The reason for this rule is also to prevent a sharp knife from cutting the fish bones during preparation, making them harder to find and the meal more difficult.
So, what to do? Some may have inherited beautifully decorated old fish cutlery, where the knife has a different shape and is blunt. If you're serving fish as a main course, now is the time to bring it out. Otherwise, set the table with and use two forks.
If a barbarian (I’m exaggerating à la Pappritz) has set the table with regular knives, use them carefully so as not to make finding the bones even more difficult. But it’s not the end of the world either. By the way, smoked and pickled fish are cut with a regular, sharp knife.
The Pitfalls of Lettuce Leaves
There’s some debate over whether it’s okay to cut lettuce. To be more precise: technically, you’re not supposed to. As someone who, over the course of my career, has had to take my tie to the dry cleaner after countless meals with lettuce—so much for a “free meal”!—I’m all for cutting large lettuce leaves. They have the unpleasant tendency to reopen on their way to your mouth, even after you’ve carefully folded them with your fork, and to fling the sauce against your shirt and tie like a small medieval siege weapon. To avoid this, I’m willing to do almost anything. However, it is frowned upon, even if it is practical.
The Spaghetti Taboo
Spaghetti with Bolognese sauce presents similar problems. However, using a knife here is taboo. So, the chances of going home with a clean shirt after this meal are still fifty-fifty. If you're not allowed to cut them, are you at least allowed to twirl them with a fork in a spoon, even if Italians don't do that? I think, here, you are. Especially since spaghetti here isn't served in those deep plates, like in Italy, where you can and should use the curve of the plate rim to twirl the fork. And here, it's also frowned upon to let bitten-off spaghetti slide back onto the plate.

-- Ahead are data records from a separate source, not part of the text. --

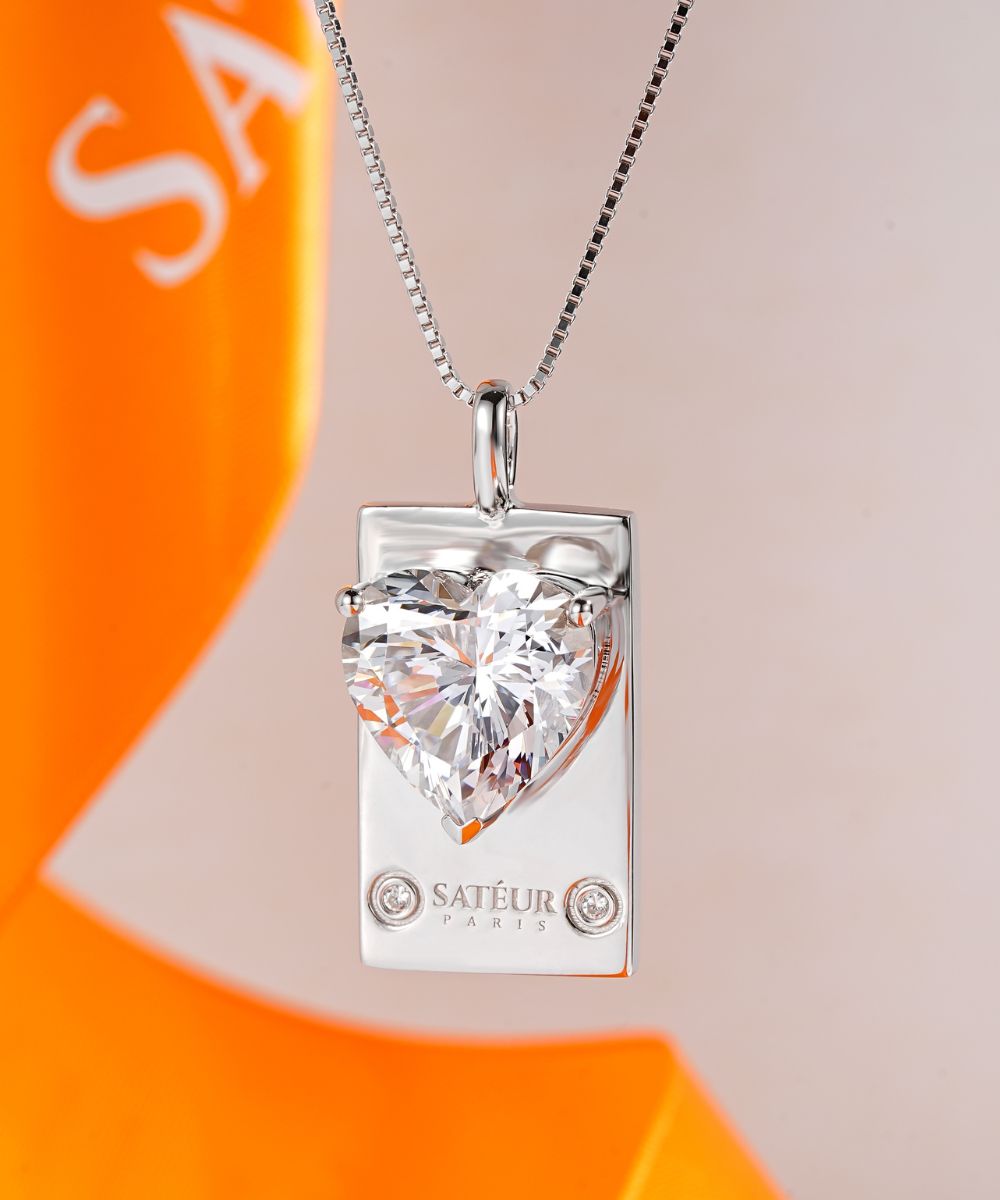 Satéur Parisian Treasure® Amouré Diamond Necklace, 18K White Gold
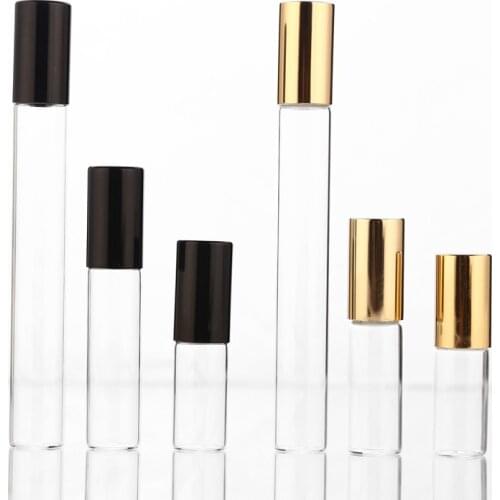 100x3ml 5ml 10ml Clear Roller Refillable Essential Oil Roll-on Glass Perfume Bottle Lip Balms Roll On Bottles Free Shipping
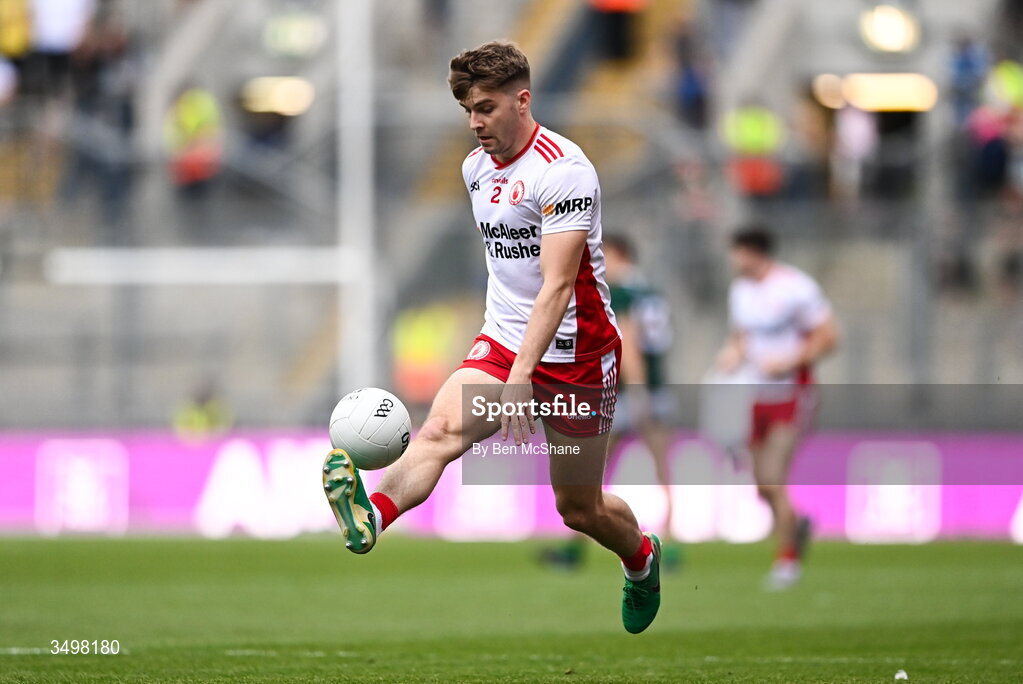 27 June 2026; Cormac Quinn of Tyrone during the GAA Football All-Ireland Senior Championship quarter-final match between Kerry and Tyrone at Croke Park in Dublin. Photo by Ben McShane/Sportsfile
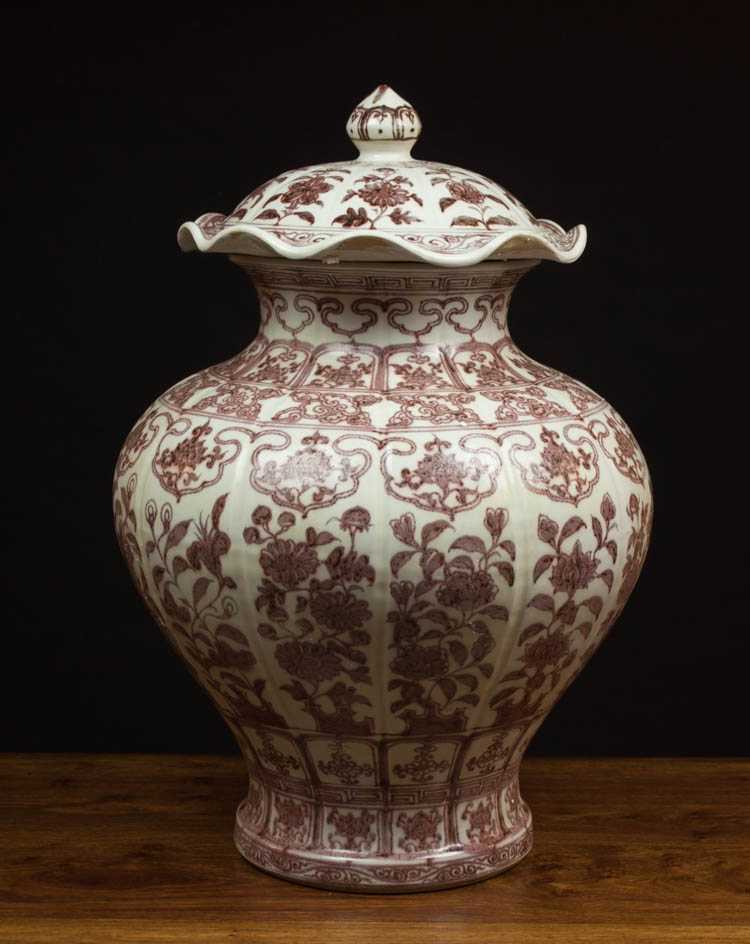 Appraisal: CHINESE MING STYLE PORCELAIN LIDDED JAR hand enameled iron red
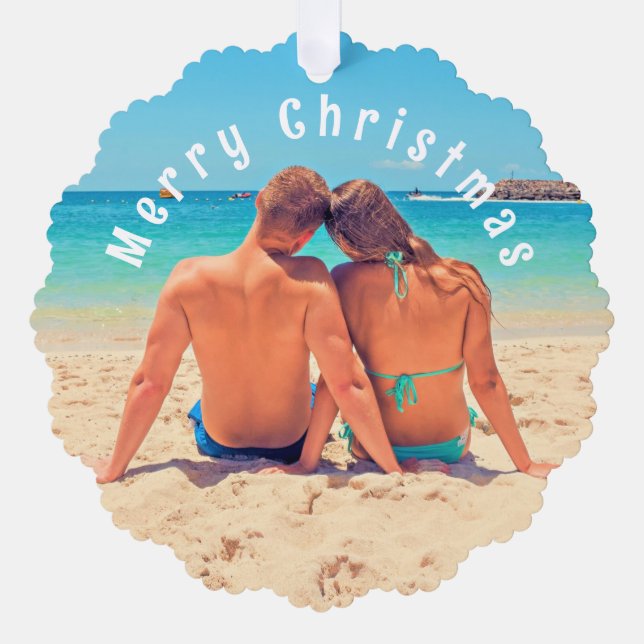 Custom Photo Christmas Ornament Card (Front)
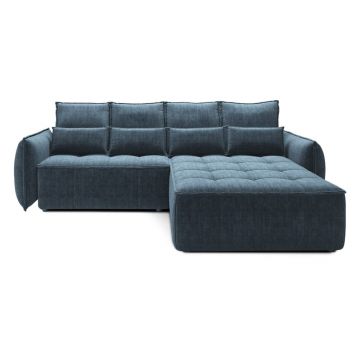 Colțar albastru extensibil/cu spațiu de depozitare cu tapițerie din catifea (cu colț pe partea dreaptă/cu șezlong) Campo – ELTAP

How to Rest Your Knife and Fork
You do put your knife and fork aside sometimes, for example, to drink. Then you place the cutlery, as you held it, on the plate (experts call it the "twenty past eight position," referring to a clock face).
It is incorrect to place the handles of your knife and fork on the table and the rest of the cutlery on your plate. This "bridge-building" is frowned upon for two reasons. Firstly, it takes up a lot of space, potentially encroaching on your neighbor's area. Secondly, there's a risk that gravy or sauce could slowly run or drip down the handle onto the tablecloth.
If you're expected to keep your cutlery between courses, there are "knife rests" provided for you to place your utensils on. The aim is to keep the tablecloth clean. Most people consider this particularly elegant; I would personally prefer to have a fresh set of cutlery for the next course. However, this can, of course, be challenging with a large number of guests.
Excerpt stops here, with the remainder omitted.